"Wenn wir lieben, werden wir reich"
Herst-Lese-Fest in der Edith-Stein-Schule in Erfurt
Erfurt (as) -"Mit dem Herbst-Lese-Fest wollen wir ein Zeichen setzen für Toleranz, Gewaltlosigkeit und ein friedliches Miteinander", sagt der Direktor der Edith-Stein-Schule, Siegfried Schnauß. Anlässlich des Geburtstages der Namenspatronin trafen sich Schüler, Eltern und Lehrer am 10. Oktober im Erfurter Gymnasium. "Das Herbstfest der fünften Klassen gibt es schon seit sechs Jahren", sagt Schnauß. Das Herbst-Lese-Fest feiere man jetzt zum zweiten Mal. "Lese" sei dabei in einem doppelten Sinn zu verstehen: Erst gibt's die Lesung, dann den fränkischen Wein. Organisiert werde das Ganze von der Elternvertretung der Schule. Auch Weihbischof Hans-Reinhard Koch ist gekommen.

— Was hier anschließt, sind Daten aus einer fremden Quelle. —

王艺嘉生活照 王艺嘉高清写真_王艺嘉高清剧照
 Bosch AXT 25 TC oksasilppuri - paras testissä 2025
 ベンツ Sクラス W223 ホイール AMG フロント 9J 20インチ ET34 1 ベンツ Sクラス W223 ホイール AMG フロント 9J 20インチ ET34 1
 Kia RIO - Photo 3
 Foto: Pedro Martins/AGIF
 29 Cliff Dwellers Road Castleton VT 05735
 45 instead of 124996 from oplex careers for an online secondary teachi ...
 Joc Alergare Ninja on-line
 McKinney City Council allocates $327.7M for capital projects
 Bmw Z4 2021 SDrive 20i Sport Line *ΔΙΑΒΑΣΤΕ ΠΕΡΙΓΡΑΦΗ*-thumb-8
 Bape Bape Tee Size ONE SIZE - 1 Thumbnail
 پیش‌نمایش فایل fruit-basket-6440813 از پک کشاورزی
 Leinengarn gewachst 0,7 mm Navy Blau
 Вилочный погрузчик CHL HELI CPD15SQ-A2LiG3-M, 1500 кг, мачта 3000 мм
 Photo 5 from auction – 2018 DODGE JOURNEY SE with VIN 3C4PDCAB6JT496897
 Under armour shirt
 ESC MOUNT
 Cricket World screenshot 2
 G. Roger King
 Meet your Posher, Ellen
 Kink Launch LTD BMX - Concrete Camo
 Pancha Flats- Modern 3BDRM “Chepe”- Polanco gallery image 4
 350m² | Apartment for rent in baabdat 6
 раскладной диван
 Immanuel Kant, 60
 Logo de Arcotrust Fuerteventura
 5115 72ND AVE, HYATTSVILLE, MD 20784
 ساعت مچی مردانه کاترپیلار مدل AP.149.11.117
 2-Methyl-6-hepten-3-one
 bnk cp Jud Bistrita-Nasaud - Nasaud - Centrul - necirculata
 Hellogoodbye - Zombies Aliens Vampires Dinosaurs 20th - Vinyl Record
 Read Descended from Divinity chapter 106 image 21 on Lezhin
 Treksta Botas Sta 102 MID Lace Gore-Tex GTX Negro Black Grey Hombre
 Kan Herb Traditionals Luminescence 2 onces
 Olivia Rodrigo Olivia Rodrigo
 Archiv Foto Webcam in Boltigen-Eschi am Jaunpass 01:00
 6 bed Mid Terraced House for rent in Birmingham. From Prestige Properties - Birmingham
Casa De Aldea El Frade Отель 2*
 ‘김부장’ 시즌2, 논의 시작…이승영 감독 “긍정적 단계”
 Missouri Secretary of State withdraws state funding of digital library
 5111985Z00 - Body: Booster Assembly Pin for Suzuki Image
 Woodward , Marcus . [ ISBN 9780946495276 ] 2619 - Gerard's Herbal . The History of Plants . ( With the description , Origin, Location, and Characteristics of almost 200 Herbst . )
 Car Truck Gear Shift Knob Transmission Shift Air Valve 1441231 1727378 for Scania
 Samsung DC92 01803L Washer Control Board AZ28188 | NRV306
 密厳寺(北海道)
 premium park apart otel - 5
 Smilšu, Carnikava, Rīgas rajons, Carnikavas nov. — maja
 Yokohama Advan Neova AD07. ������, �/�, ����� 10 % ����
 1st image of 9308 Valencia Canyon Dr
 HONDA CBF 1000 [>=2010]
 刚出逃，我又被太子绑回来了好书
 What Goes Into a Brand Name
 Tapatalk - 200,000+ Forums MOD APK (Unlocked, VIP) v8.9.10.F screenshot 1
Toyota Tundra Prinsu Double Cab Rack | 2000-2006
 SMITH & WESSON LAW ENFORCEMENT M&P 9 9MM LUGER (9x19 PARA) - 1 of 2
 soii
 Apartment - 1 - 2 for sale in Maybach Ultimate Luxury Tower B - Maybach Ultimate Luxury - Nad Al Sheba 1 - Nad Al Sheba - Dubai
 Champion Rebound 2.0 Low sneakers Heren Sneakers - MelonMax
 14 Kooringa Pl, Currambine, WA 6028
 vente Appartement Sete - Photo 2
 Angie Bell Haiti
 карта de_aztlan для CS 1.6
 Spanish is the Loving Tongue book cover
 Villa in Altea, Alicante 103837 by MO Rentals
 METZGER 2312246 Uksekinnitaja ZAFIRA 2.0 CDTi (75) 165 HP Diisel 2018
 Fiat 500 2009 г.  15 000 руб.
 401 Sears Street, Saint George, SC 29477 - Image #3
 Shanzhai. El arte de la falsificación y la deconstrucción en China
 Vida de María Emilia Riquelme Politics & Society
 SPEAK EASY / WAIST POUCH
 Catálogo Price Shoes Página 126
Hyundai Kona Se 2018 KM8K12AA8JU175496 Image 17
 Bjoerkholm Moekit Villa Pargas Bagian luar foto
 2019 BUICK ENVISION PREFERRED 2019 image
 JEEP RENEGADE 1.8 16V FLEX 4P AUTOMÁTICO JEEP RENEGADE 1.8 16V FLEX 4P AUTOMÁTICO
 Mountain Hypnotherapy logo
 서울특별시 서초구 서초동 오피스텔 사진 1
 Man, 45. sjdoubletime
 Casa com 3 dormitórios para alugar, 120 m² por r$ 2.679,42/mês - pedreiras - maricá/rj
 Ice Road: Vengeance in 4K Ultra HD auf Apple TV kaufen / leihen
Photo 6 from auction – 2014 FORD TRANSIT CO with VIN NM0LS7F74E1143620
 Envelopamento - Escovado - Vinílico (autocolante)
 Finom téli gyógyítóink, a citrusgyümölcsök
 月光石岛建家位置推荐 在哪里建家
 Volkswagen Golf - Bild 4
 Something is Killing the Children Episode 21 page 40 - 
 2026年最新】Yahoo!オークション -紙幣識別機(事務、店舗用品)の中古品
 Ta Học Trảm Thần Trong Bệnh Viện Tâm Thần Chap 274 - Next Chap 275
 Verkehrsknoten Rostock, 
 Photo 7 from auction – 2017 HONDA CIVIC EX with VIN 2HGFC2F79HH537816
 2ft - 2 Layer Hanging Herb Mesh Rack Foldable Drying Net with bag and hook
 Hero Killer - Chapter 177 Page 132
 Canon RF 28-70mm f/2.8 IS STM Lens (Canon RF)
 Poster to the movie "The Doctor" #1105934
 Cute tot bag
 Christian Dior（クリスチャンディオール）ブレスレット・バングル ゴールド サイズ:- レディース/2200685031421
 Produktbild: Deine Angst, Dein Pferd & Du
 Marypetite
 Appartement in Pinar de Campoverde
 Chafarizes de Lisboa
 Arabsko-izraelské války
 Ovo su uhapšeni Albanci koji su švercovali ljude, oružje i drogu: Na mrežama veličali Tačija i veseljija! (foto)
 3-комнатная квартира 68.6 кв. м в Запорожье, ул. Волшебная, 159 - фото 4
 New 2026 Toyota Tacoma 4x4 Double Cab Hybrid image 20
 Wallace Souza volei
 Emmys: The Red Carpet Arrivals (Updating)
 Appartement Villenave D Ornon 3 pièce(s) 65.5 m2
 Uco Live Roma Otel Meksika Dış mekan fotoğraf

Mit Liedern, Gedichten und kleinen Theaterstücken stimmen die Schüler der fünften Klassen die Besucher auf den Herbst ein. Bekanntes und Unbekanntes ist zu sehen. Ein unglücklicher Froschkönig zum Beispiel kann erst wieder geheilt werden, wenn er die Strümpfe eines glücklichen Menschen anzieht. Und der Zuschauer sieht, dass es manchmal nicht so einfach ist, einen Menschen zu finden, der nicht unglücklich ist.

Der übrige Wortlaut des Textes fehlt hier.